Two years later, the UK and Australia abruptly pulled the NSAID lumiracoxib (Prexige) when they discovered that some patients taking it were suffering from severe liver damage as a result; indeed, some patients even required liver transplants. And last year, the drugs regulators reviewing diclofenac-based NSAIDs moved them from the OTC category to prescription-only.

NSAIDs’ risk to kidneys is also well known to regulators. A recent pooled analysis of five earlier studies confirmed that NSAID use significantly increases the risk of acute kidney injury.2 They’ve also been linked to hearing loss in both men and women.3 And while there are conflicting results for NSAID dangers in pregnancy, some researchers have concluded that several NSAIDs can induce “spontaneous abortion.”4 The painkillers can also induce or exacerbate sinusitis and hives, and studies have shown they can increase allergic responses by 10 to 30 percent in asthma sufferers.

NSAIDs can make pain worse

Ironically, for those dealing with pain, NSAIDs may actually interfere with the body’s own painkilling machinery, the long-term effect of which is to sustain pain rather than eliminate it. This is exactly what happened to image-consultant Marino. When his gut problems forced him to stop taking NSAIDs, he noticed that, in less than a week, the headaches he’d been taking
the drugs for in the first place, for years, simply vanished.

“NSAIDs are not truly addictive, but can make you dependent,” explains pain-expert Kaplan. “Regular use, three times or more a week of NSAIDs and Tylenol [not an NSAID, but acetaminophen/paracetamol] can suppress the body’s own natural pain-relieving system. The result can be rebound pain when you stop the medication because your own pain-relieving system has been suppressed. Over time, when you stop the medications, your own system kicks back in and the pain goes away. The problem has been well documented in people with chronic headaches. In some people with chronic headaches, all we need to do to fix the headache is to get them to stop taking NSAIDs and Tylenol for a few weeks, and the body will fix itself.”

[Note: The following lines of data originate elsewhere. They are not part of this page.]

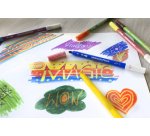 Feutre magique double COLORI, étui de 10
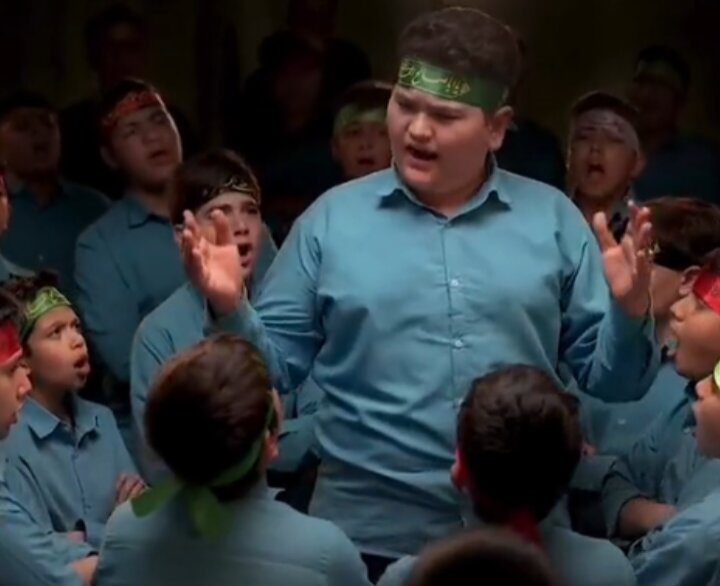 فیلم| نوحه سرایی نوجوان اشکذری در سوگ سیدحسن نصرالله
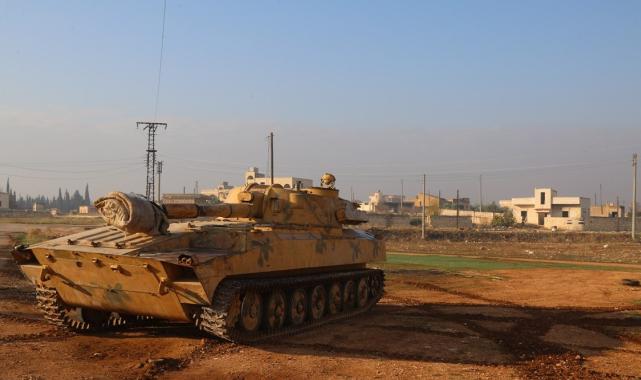 Türkiye'nin Halep'teki çatışmalara yaklaşımı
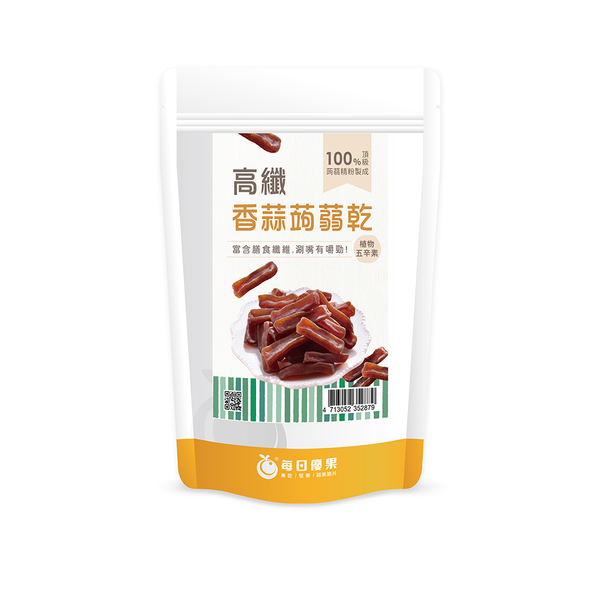 高纖香蒜蒟蒻乾180G 每日優果 product thumbnail 3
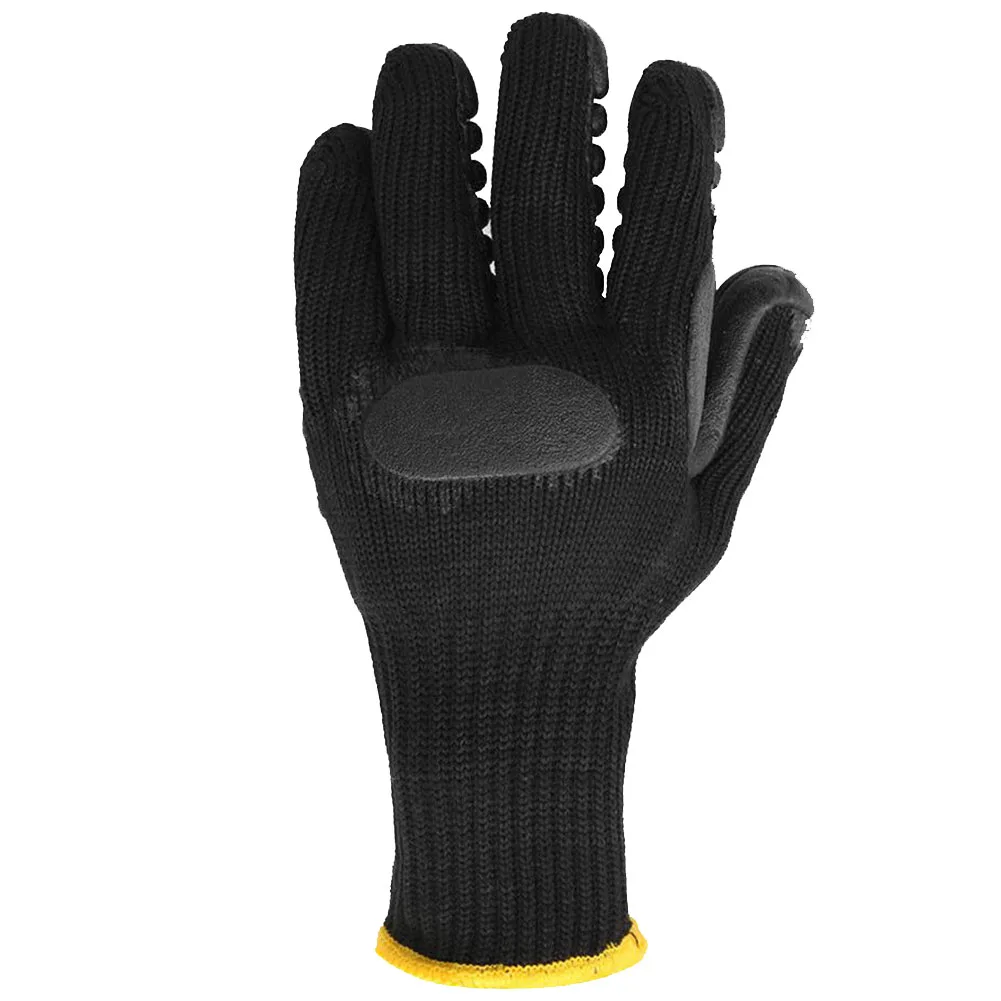 1Pair Mechanical Protective Safety Gloves Drilling Garden Miner Shockproof Reducing Outdoor Cut Resistant Oil Anti Vibration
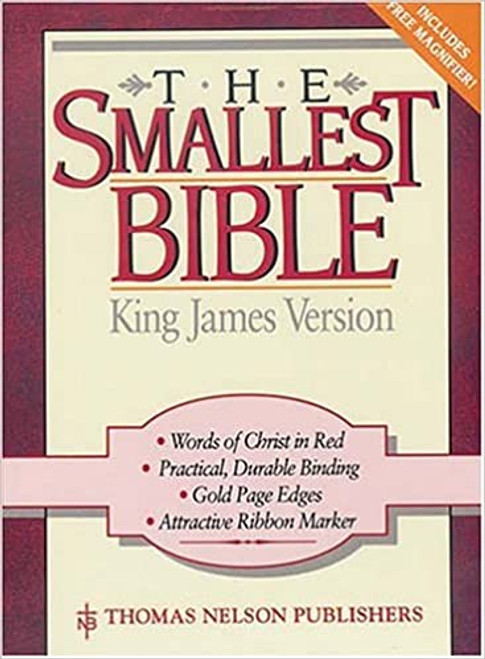Smallest bible KJV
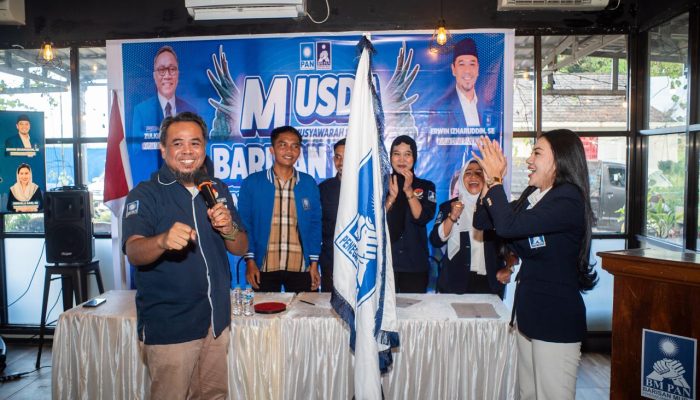 Kevin Kembali Pimpin BM PAN Kutai Barat Secara Aklamasi dalam Musda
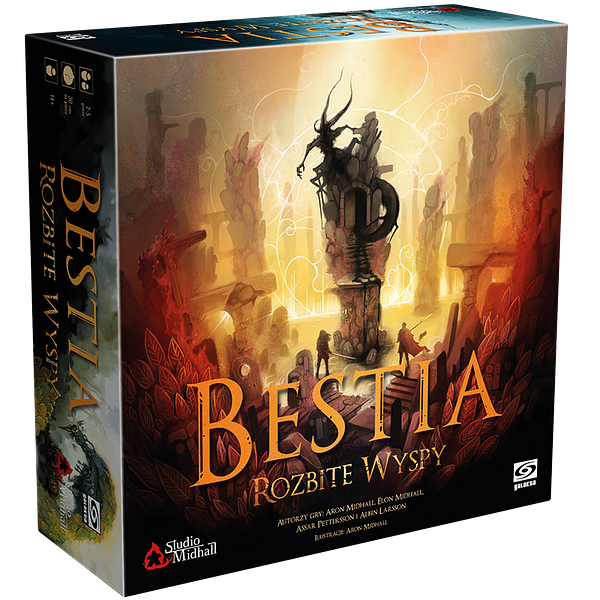 Bestia: Rozbite wyspy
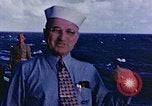 Standbild USA Schiff Augusta Atlantik, 1945, aus Sekunde 13 historischem Filmmaterial Videoclip 65675036319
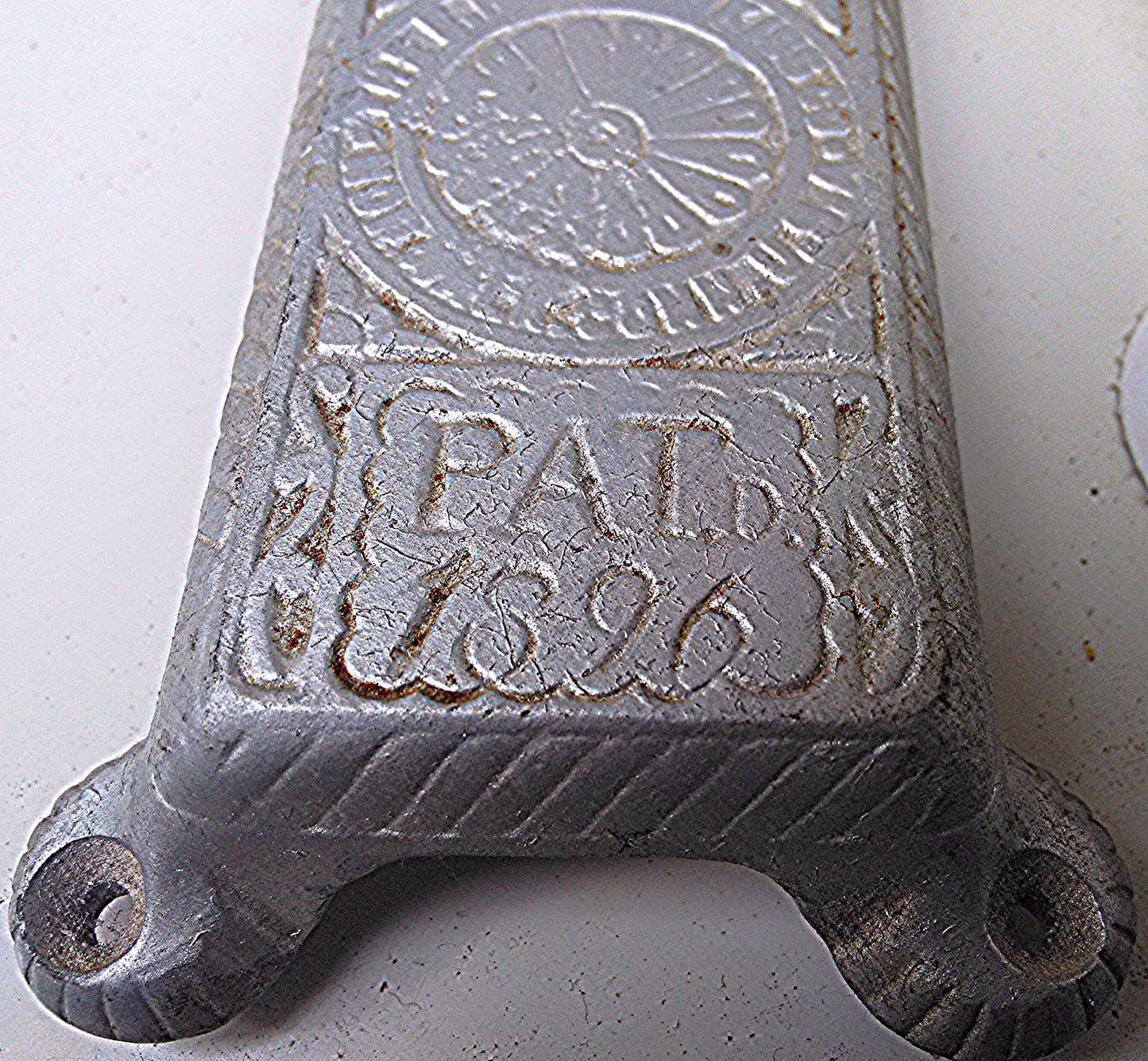 RARE VINTAGE HOTCHKISS NUMBER 03 VICTORIAN STAPLER late 1800 to early 1900's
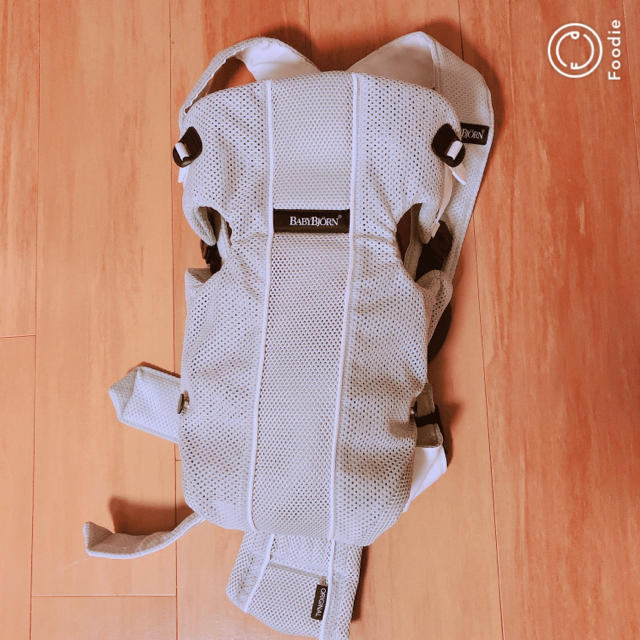 BABYBJORNベビービョルン 抱っこ紐 オリジナル メッシュAir 美品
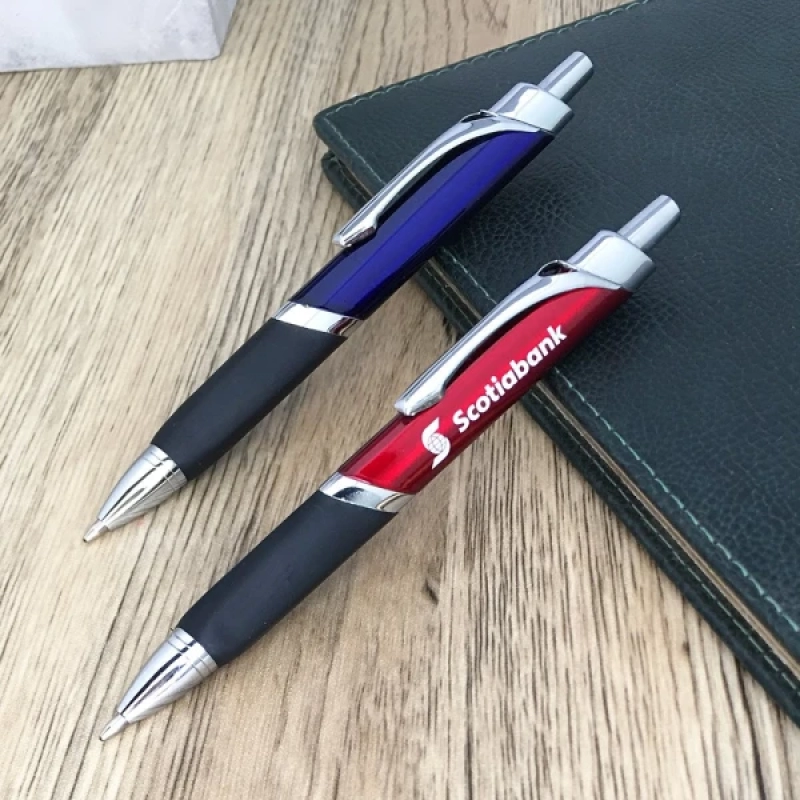 Boligrafo Timbaland, metalico, con Grip Ergonómico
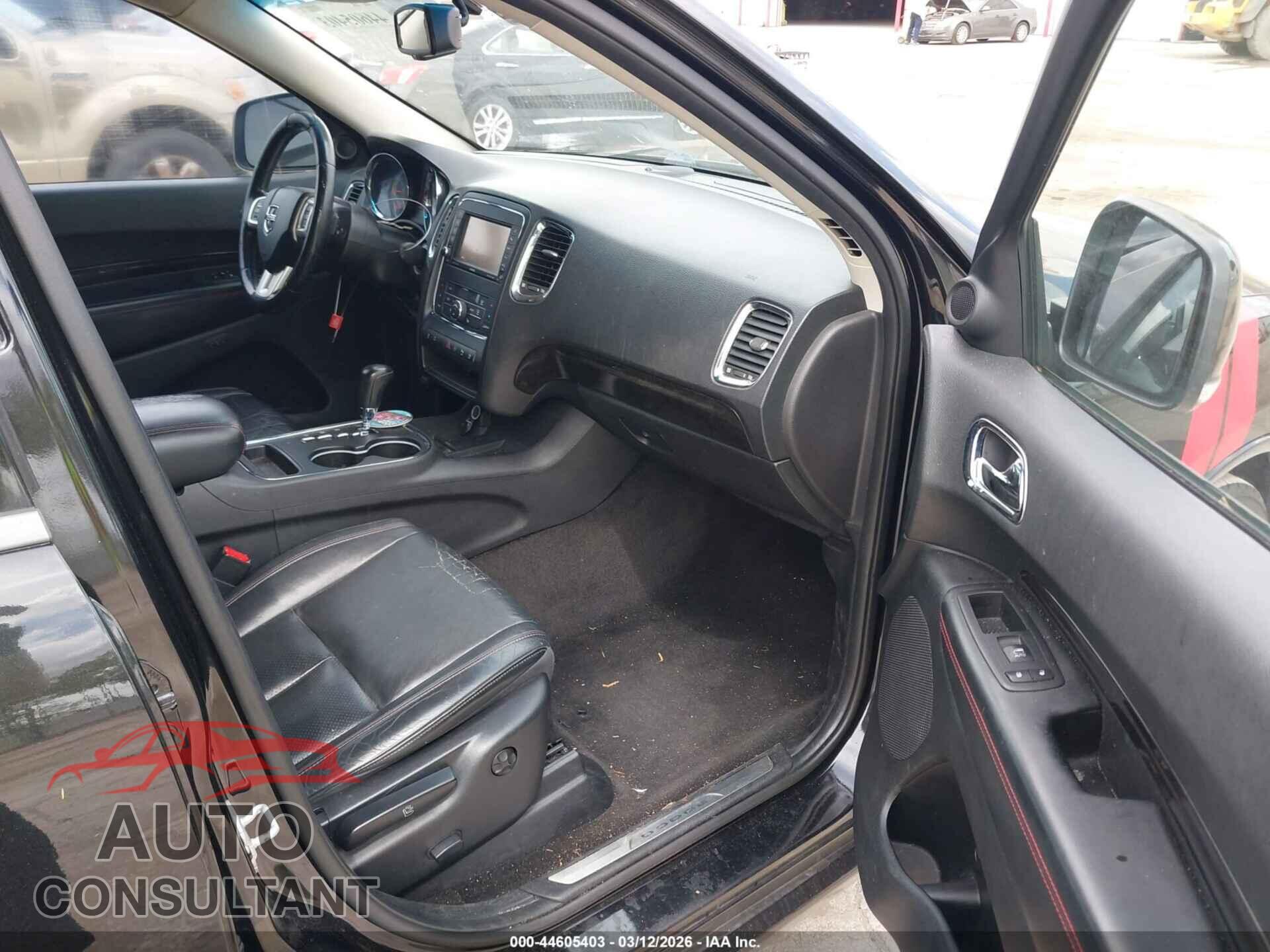 DODGE DURANGO 2012 - 1C4SDHCT2CC266818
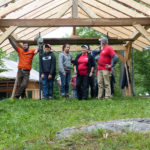 Timber Frame Courses to Build Welcome Center at HVNC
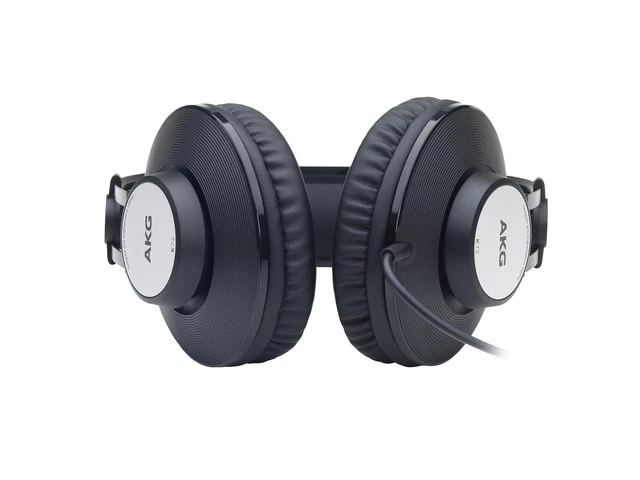 Alt view image 4 of 7 - Pro Audio K72 Over-Ear, Closed-Back, High-Sensitivity, High Output 40mm drivers, Studio Professional Headphone. Also Great for Portable Devices. Black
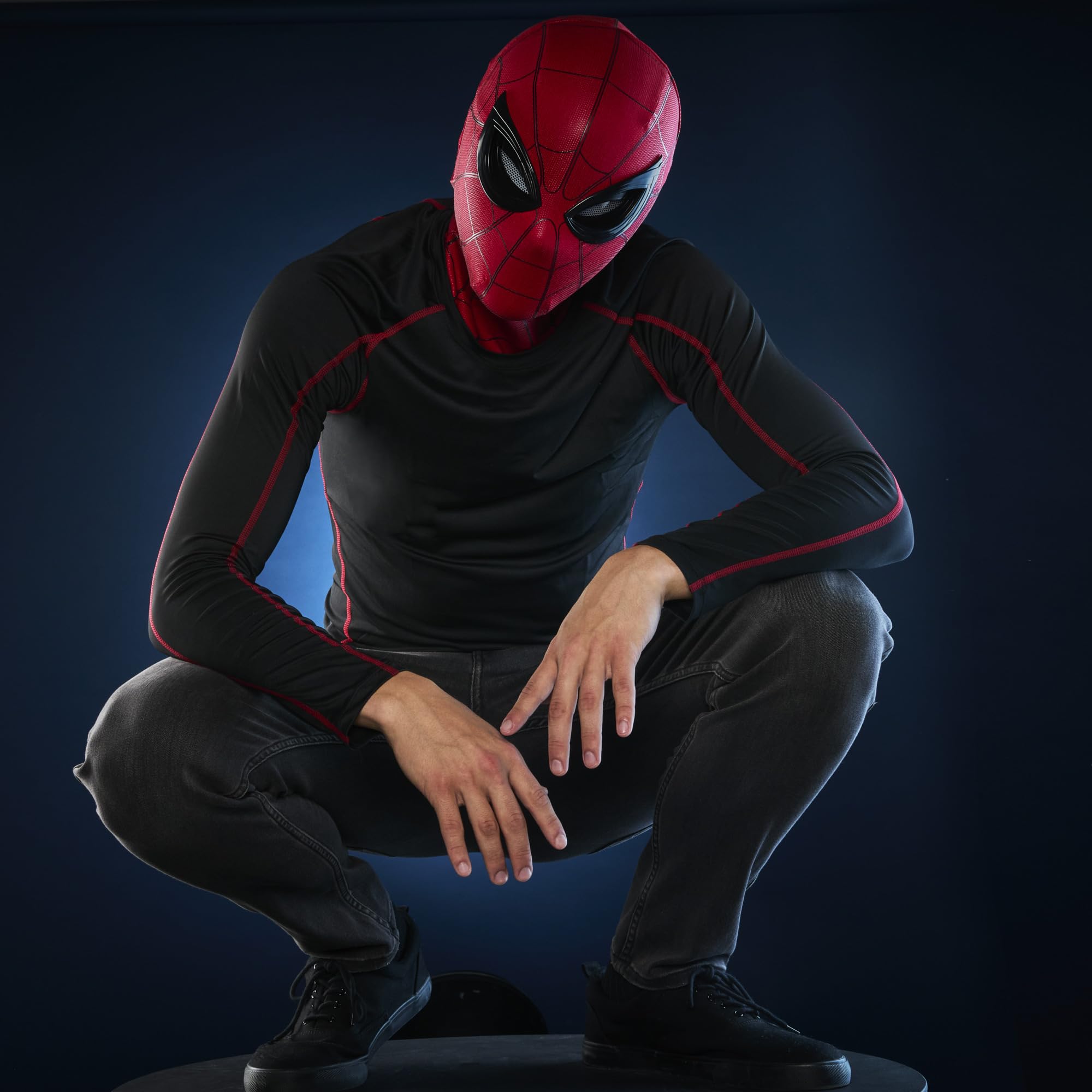 Marvel Legends Series Spider-Man Electronic Expressive Mask 4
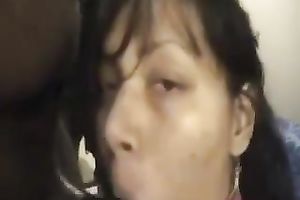 Perverted Indian hooker deepthroats my rod like insane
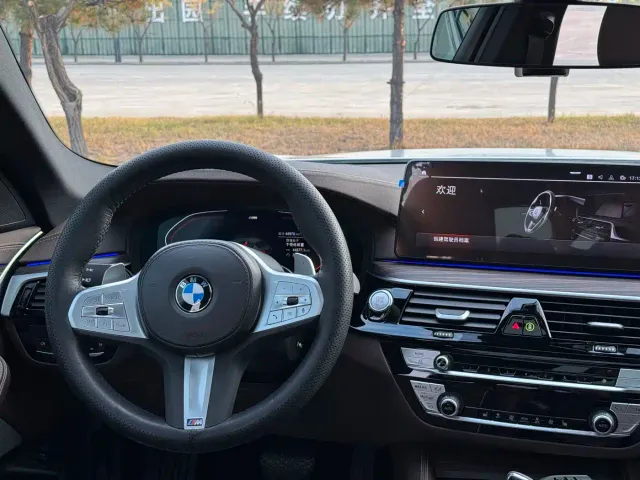 BMW 5 Series — Фото автомобиля 7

In the case of arthritis pain, doctors know NSAIDs do nothing to help the underlying condition, although they can alleviate pain in the short term. But a new study suggests that taking a painkiller like an NSAID can actually make arthritis worse in the long run. Researchers at Johns Hopkins University compared people taking painkillers (two-thirds were taking an NSAID) for knee arthritis with those who weren’t taking any drugs for a matching condition, and followed them all for three years, X-raying their knees at intervals. Those taking the painkillers were more likely to have knee arthritis that had visibly got worse on X-rays and were also more likely to undergo knee replacement surgery compared with those not taking the drugs.5

The COX-2 scandals

COX-2-selective NSAIDs were developed as a way to target pain and inflammation while sparing COX-1 and the gut lining. Merck’s Vioxx (rofecoxib) and Pfizer’s Celebrex (celecoxib) were the first of these COX-2 inhibitors.

Launched in 1999, they quickly became blockbusters; doctors wrote more than 100 million prescriptions for them in the first year and the manufacturers of each raked in billions in dollars. But tens of thousands of patients began dying from heart attacks and strokes.

All of the sordid details of how Merck and Pfizer doctored the data and deliberately concealed the drugs’ dangers eventually trickled out in a myriad court cases years after Vioxx was first pulled from the market in 2004.

“The scandal of the COX-2 inhibitors is really monumental,” says former drug insider and co-founder of the Danish Cochrane Collaboration Peter Gøtzsche in his book, Deadly Medicines and Organised Crime (CRC Press, 2013). “The drugs were approved based on small, short-term trials that didn’t look for cardiovascular harms, in patients with low risk for such events, although nearly half of real-world patients with arthritis have coexisting cardiovascular disease.”

Gøtzsche recounts how Merck employees deliberately manipulated data too, not just by exaggerating the benefits of Vioxx, but also by actually producing a fake peer-reviewed journal just to market pro-Vioxx reports.6 They also did not publish data available in 1999—which clearly showed the increased rates of heart attacks and strokes—until 2006, two years after the drug was pulled from the market. When they did publish data, they distorted the findings: for example, they failed to report three heart attacks during a critical clinical trial, listing one cause of death as “unknown” when it was clearly a heart attack.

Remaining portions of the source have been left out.